Spot gold <XAU=> was bid at $1,346.45 an ounce at 1612 GMT, against $1,342.25 late in New York on Friday. U.S. gold futures for February delivery <GCG1> rose $4.80 an ounce to $1,345.80.
The precious metal fell 1.4 percent last week to its lowest since late November as a spate of firmer-than-expected economic data, primarily from the United States, boosted interest in assets seen as higher risk at gold's expense.
Gold exchange-traded funds saw outflows as investors cashed in some of last year's gains. While that trend reversed late last week as prices fell, VTB Capital analyst Andrey Kryuchenkov said the sustainability of this buying is questionable.
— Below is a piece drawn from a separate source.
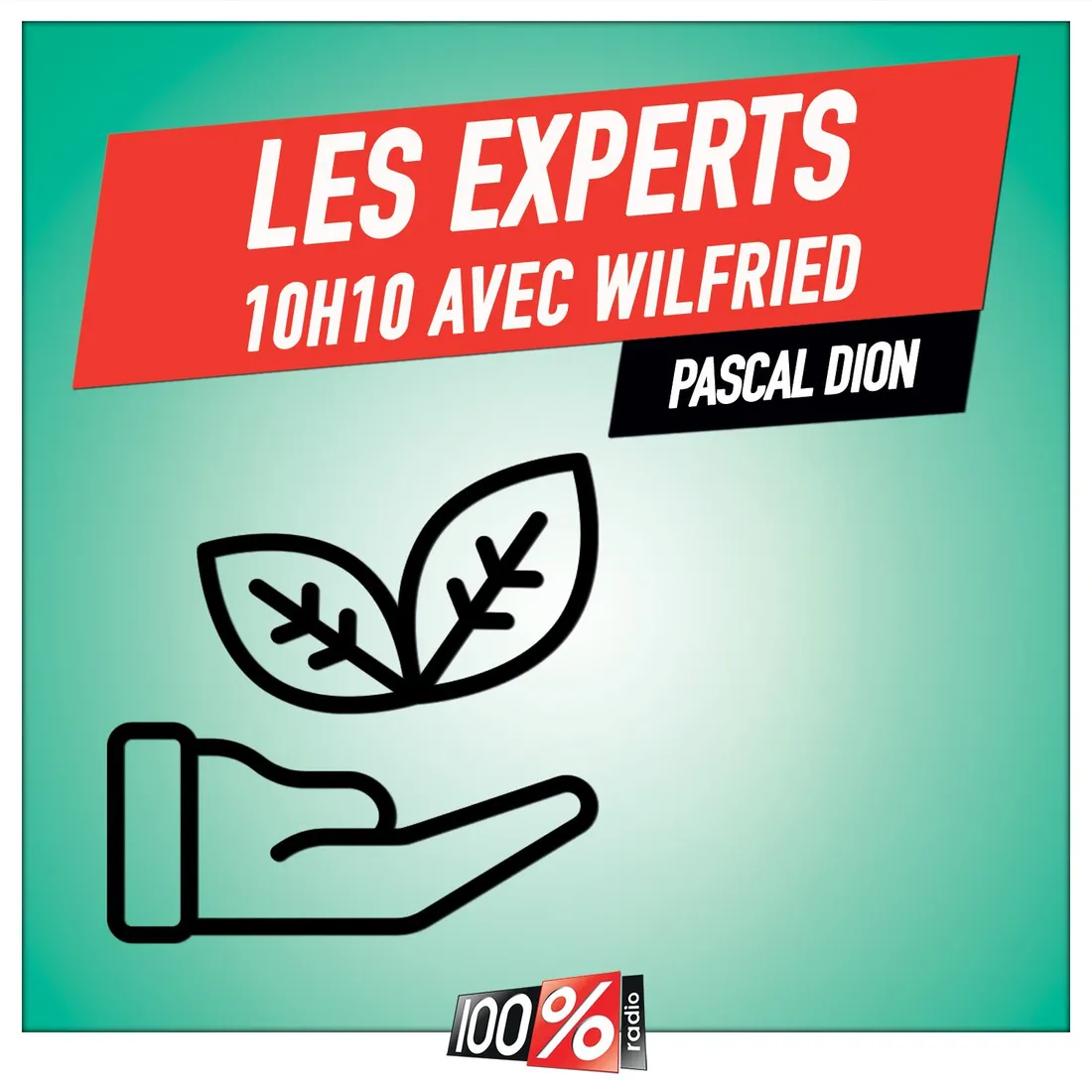 Les experts de Wilfried, Pascal Dion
"(ETF holdings) could stabilise here, but I don't think many more bargain hunters will rush to the market," he said.
Holdings of the largest gold-backed ETF, the SPDR Gold Trust <GLD>, rose by more than 20 tonnes on Friday. However, they are still down some 9 tonnes this year. [
]A turnaround in the dollar, which gave up early gains versus the euro, also helped support gold. Weakness in the U.S. unit lifts gold's appeal as an alternative asset and makes dollar priced commodities cheaper for other currency holders. [
]Concern remained over the stability of the euro zone, however, with political turmoil in Ireland highlighting uncertainties facing the bloc.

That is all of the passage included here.